Что же еще сделать, как выманить ее из той тролльей норы, куда она забилась? Могла бы уже услышать, что Ингвар ладожский женат, а Зорян убит, и ей больше не грозит скорое замужество!
С лодей выводили рабов. Все это была молодежь: девушки на одной лодье, парни на другой, крепкие мужчины на третьей. Все шли молча, уже смирившись со своей участью, да и куда они денутся? Их родина далеко. Даже связан никто не был, кроме одного мужика.
Из молчаливой толпы раздался плач, и Сверкер невольно повернул голову.
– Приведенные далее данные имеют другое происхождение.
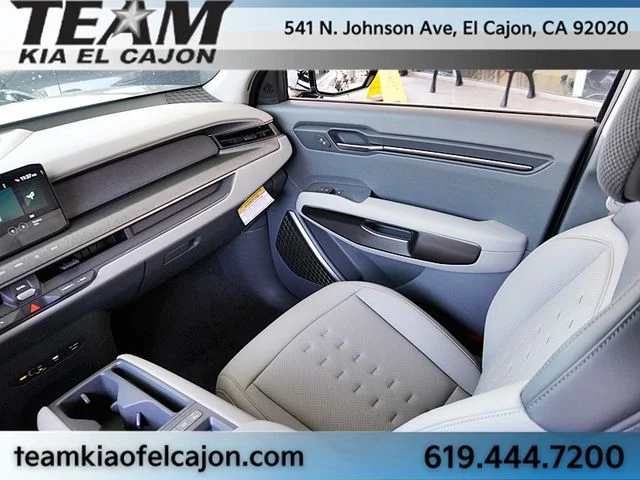 New 2026 Black Kia Wind image 28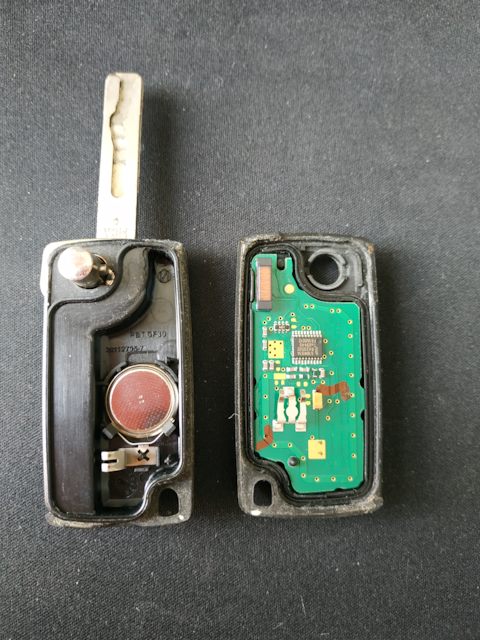 Как поменять батарейку в ключе пежо 207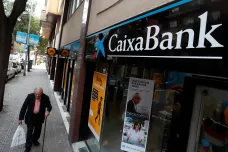 Španělská vláda usnadnila firmám odchod z Katalánska. Sídlo přesune i třetí největší banka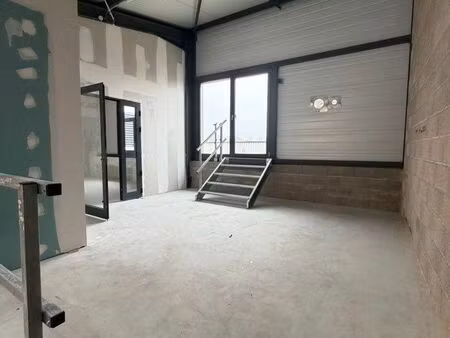 local d’activité 200m2 avec terrasse 19m2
Мимо него вели пять-шесть молодых женщин с маленькими детьми. Какая-то несла на руках ребенка лет семи, с усилием удерживая тело, слишком тяжелое для ее слабых рук, но не желая почему-то поставить его наземь. Сверкер заметил безвольно свесившуюся головку, тонкую светлую косичку, давно не чесанную, бледное бесстрастное лицо с опущенными лиловыми веками и сообразил: ребенок мертв.